La incorporación a las composiciones de zonas de extensión para la improvisación tuvo su auge en la década de 1970, cuando los compositores más inquietos exploraban nuevas maneras de expandir su lenguaje. Los resultados fueron, como poco, irregulares, y la idea quedó descartada con cierta rapidez por la mayoría de los que la probaron. Una figura clave en esta época, el compositor, intérprete de música contemporánea e improvisador Vinko Globokar llegó a afirmar: “Yo ya no creo en la posibilidad de ‘zonas abiertas’ en las obras. En general, son jaulas en las que el intérprete se encuentra totalmente incapaz de hacer cualquier cosa”.1 Desde su propia perspectiva como improvisador, John Butcher llegó a conclusiones similares: “Uno de los problemas de combinar la improvisación con una estructura impuesta [es que] te obliga a estar alternando continuamente dos sistemas cognitivos distintos. A menudo, uno escucha improvisación dentro de piezas estructuradas formalmente y parece que no hace más que estar llenando el hueco mientras se esperan nuevas instrucciones”.2

Donde sí ha funcionado esta idea es en el swing de las décadas de 1930 y 1940. Como vimos en el capítulo ii, esta situación se produjo en el jazz de una forma inversa a la que describimos aquí. Mientras que los compositores contemporáneos de la década de 1970 incorporaban la improvisación a la composición, los músicos de jazz de la de 1930 actuaban al revés. A una música en la que la improvisación siempre había tenido mayor presencia e importancia que la composición, hubo que expandir el papel de esta última para coordinar los grupos cada vez mayores de músicos.
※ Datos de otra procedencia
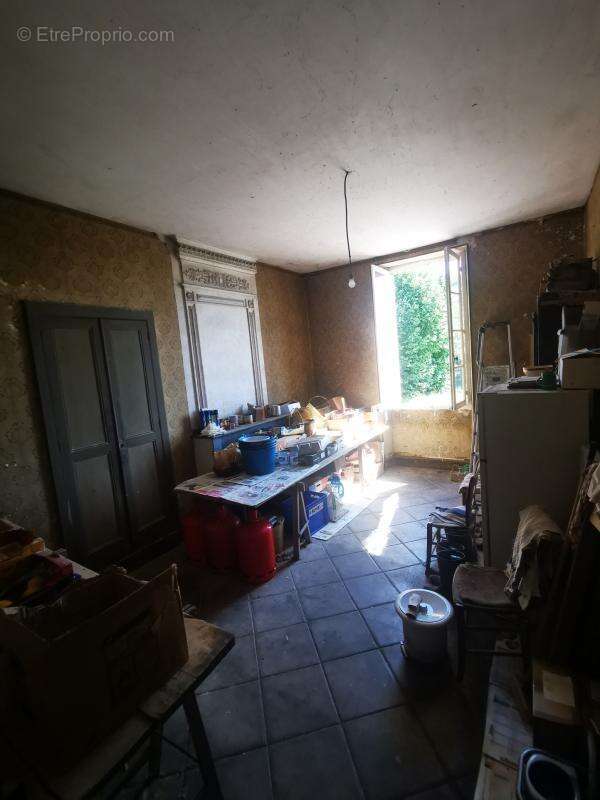 Ferme avec dépendances sur 4492m2 - photo 6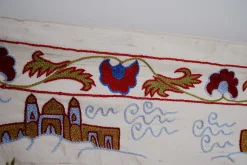Böhmischer usbekischer Vintage Suzani Wandbehang Läufer mit Kamelmotiv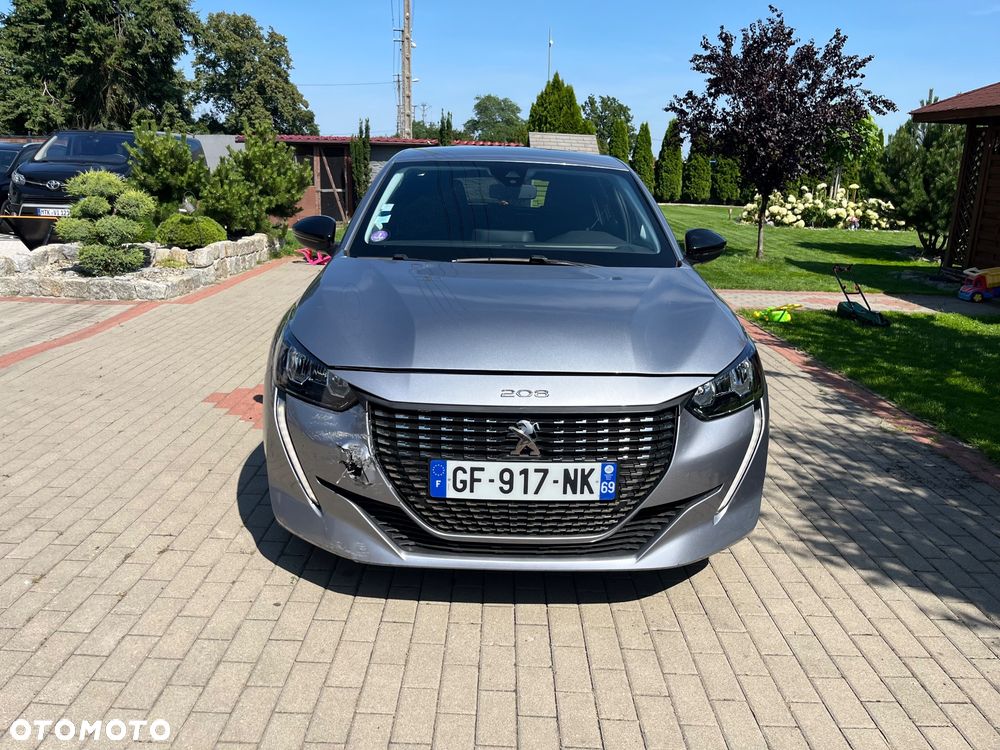 Peugeot 208 - 11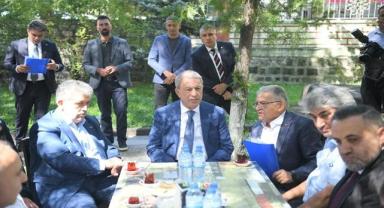 Akar ve Büyükkılıç’tan oda başkanları ile istişare toplantısı 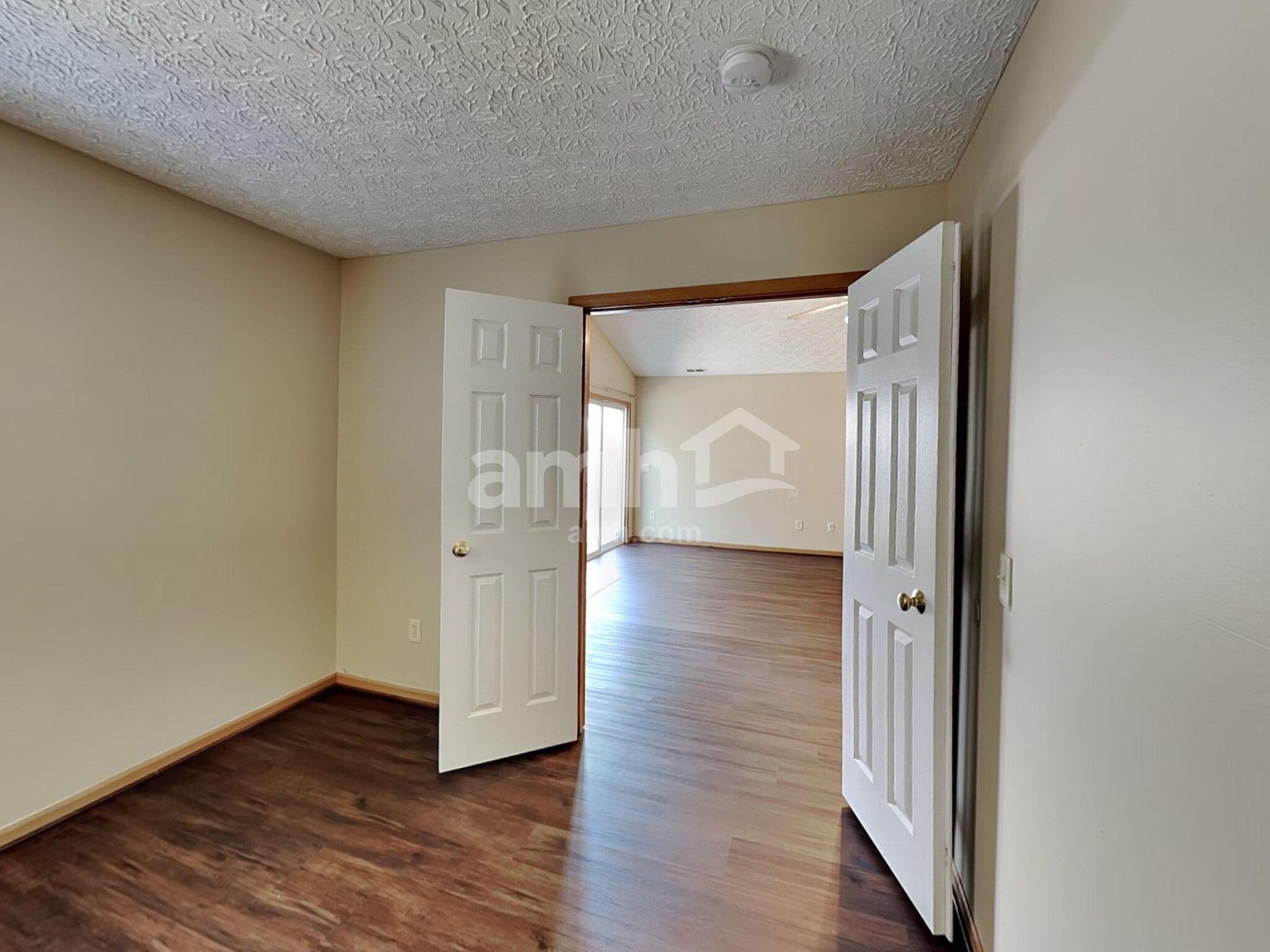 Building Photo - 3156 Hogan Way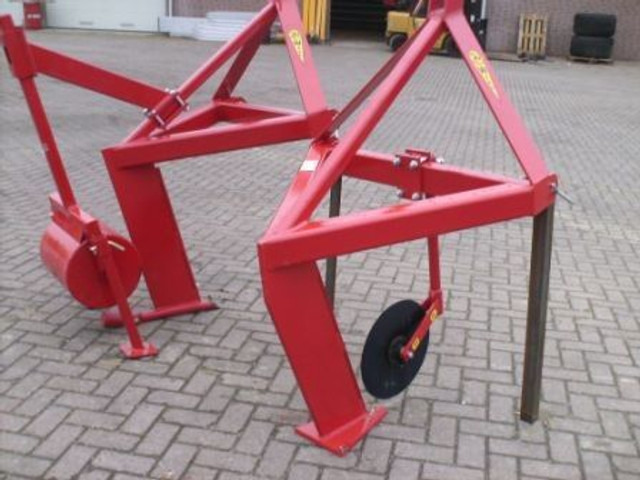 GRONDWOELERS en molploegen - Глибокорозпушувач: фото 1 GRONDWOELERS en molploegen - Глибокорозпушувач: фото 1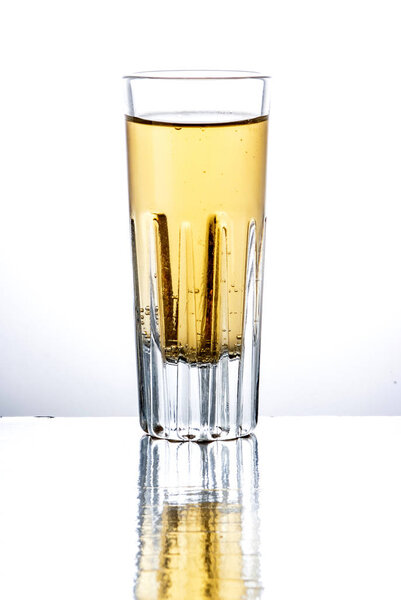 Текила выстрел в зеркало на белом фоне
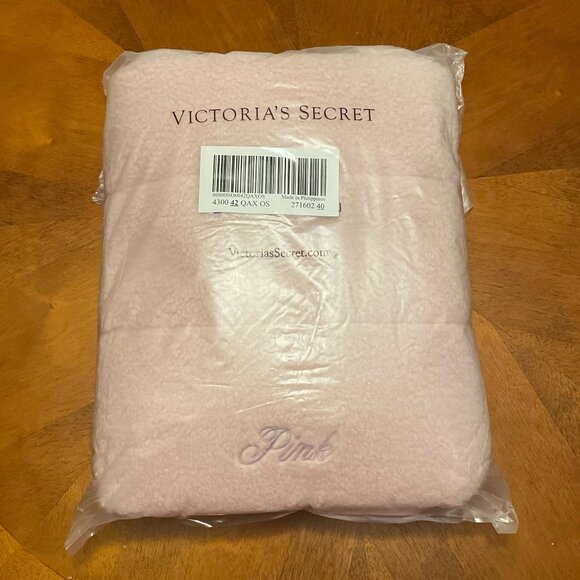 PINK Victoria's Secret Plush Teddy Cozy Fleece Sherpa Tote Bag - NWT - Picture 4 of 7
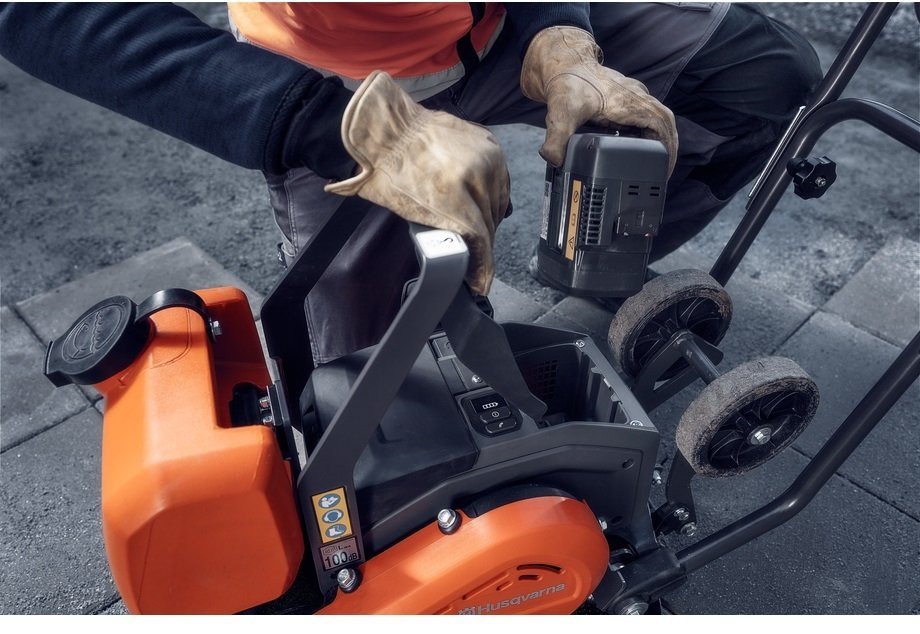 HUSQVARNA LF 60i LAT – Akku Rüttelplatte vorlaufend mit 88 kg – Battery System BLi-X – Bild 3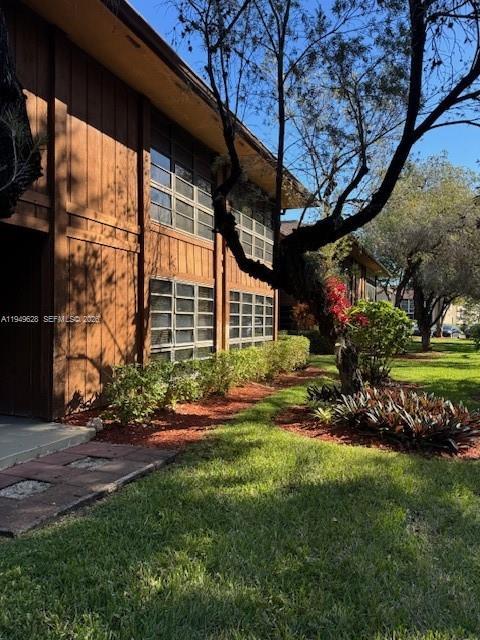 Foto del edificio - 4970 NW 102nd Ave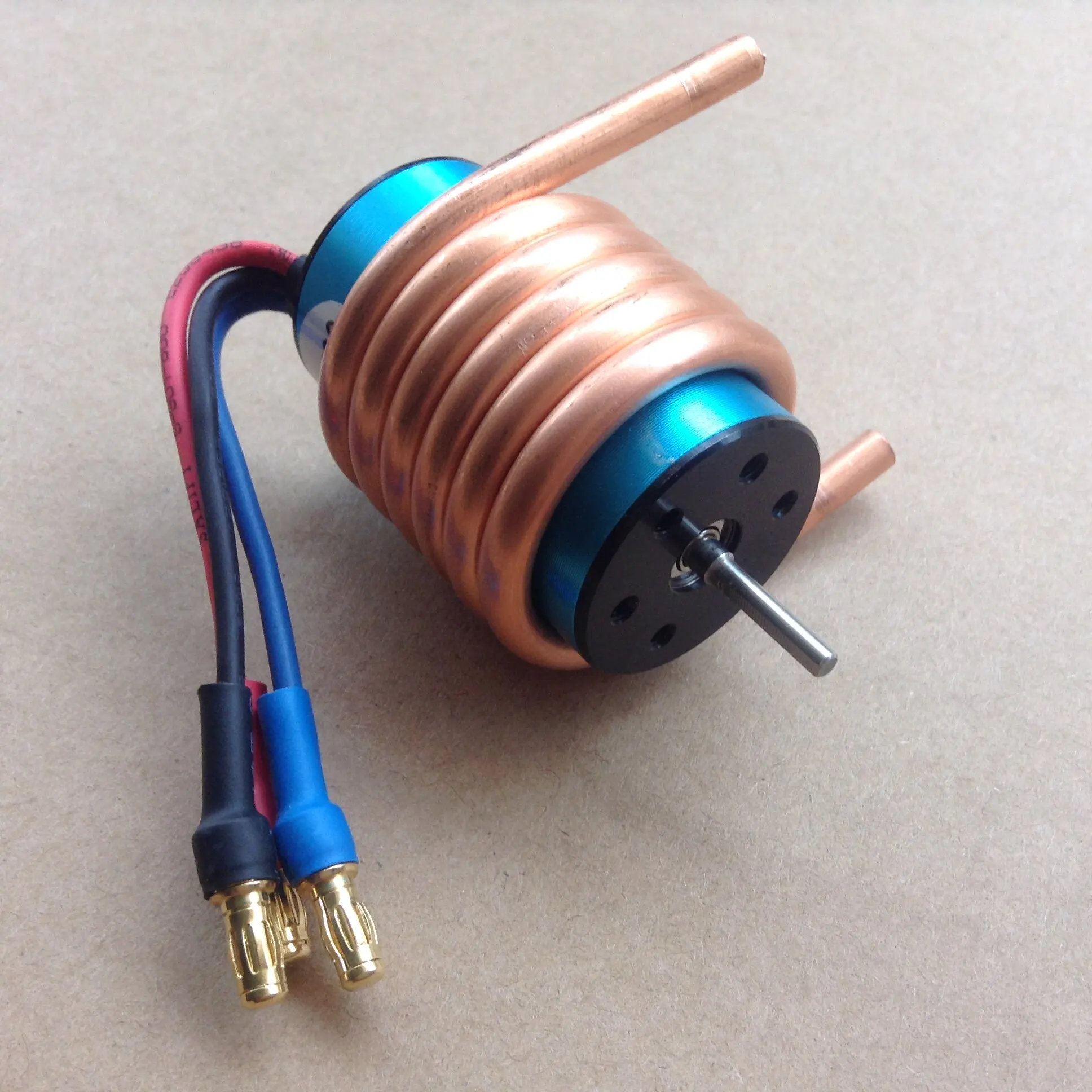 For 2440 Brushless Motor 4-pole 1/16 Car Model ship model violent motor 4500KV with water-cooled Copper Ring Sleeve
For 2440 Brushless Motor 4-pole 1/16 Car Model ship model violent motor 4500KV with water-cooled Copper Ring Sleeve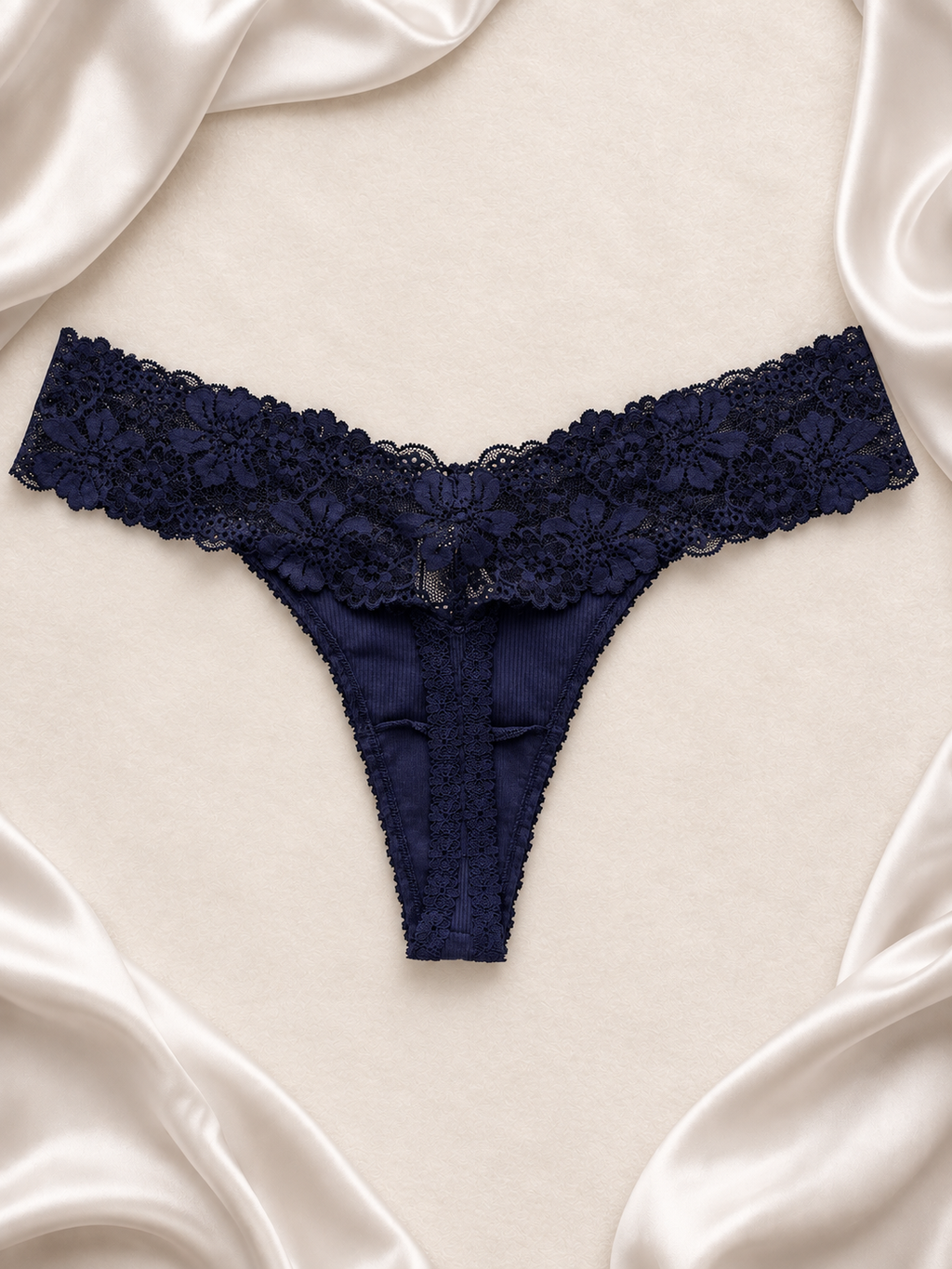 Panti V'S de encaje azul marino, vista trasera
Esta situación, en manos de compositores tan preclaros como Duke Ellington, ofrecía una soberbia oportunidad para combinar lo mejor de ambos procesos, con resultados tan originales como artísticamente logrados. Y aun así, ya en 1942, los improvisadores más avispados –Parker, Gillespie, Monk y algunos otros– estaban hartos de semejante camisa de fuerza y forjaron el bebop, en la mayoría de cuyos temas la improvisación jazzística lo ocupa todo menos los primeros y últimos treinta y dos compases.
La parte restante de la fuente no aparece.